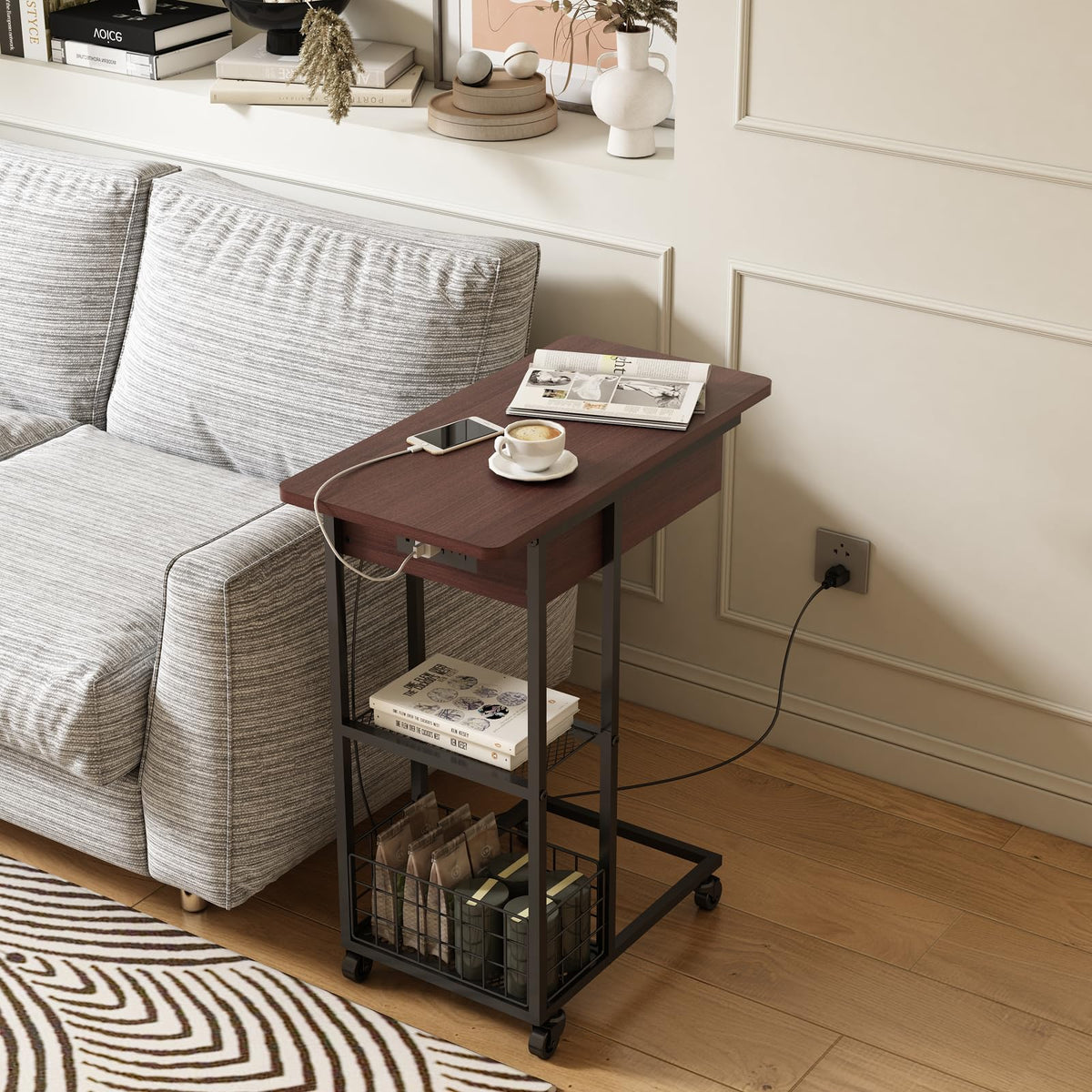 C Shaped End Table with Charging Station L55094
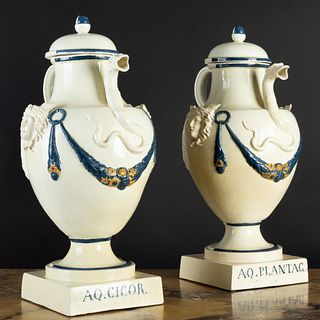 Pair of English Creamware Classical Form Apothecary Ewers and Covers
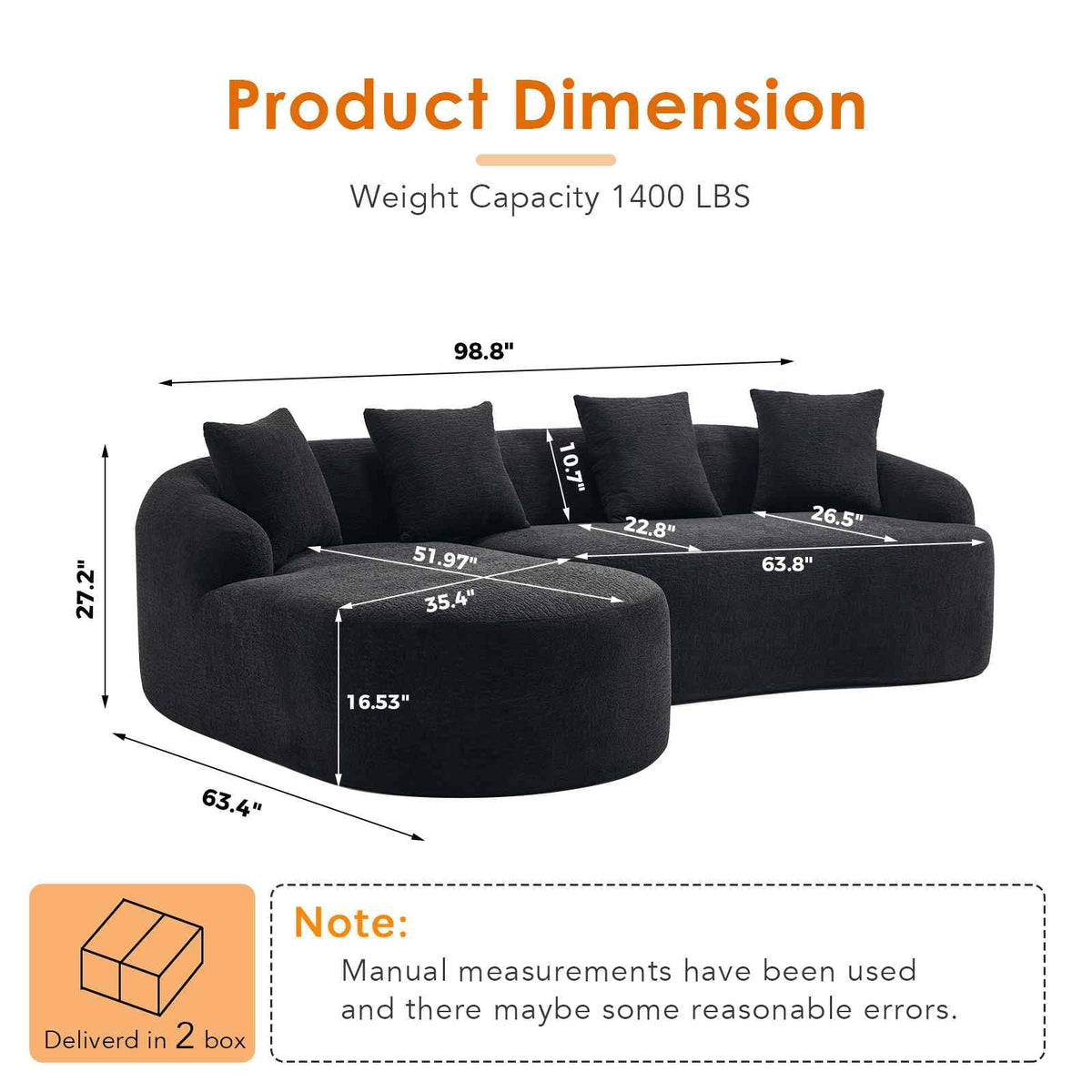 Timbernest 99" Cloud Sectional Couch, L-Shape Modular Chenille Sofa for Living Room, No Assembly Required, Black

**Work to be completed**
A faithful copy of the data above is wanted, with every image left out.

**Exercise solution**
 C Shaped End Table with Charging Station L55094
 Pair of English Creamware Classical Form Apothecary Ewers and Covers
 Timbernest 99" Cloud Sectional Couch, L-Shape Modular Chenille Sofa for Living Room, No Assembly Required, Black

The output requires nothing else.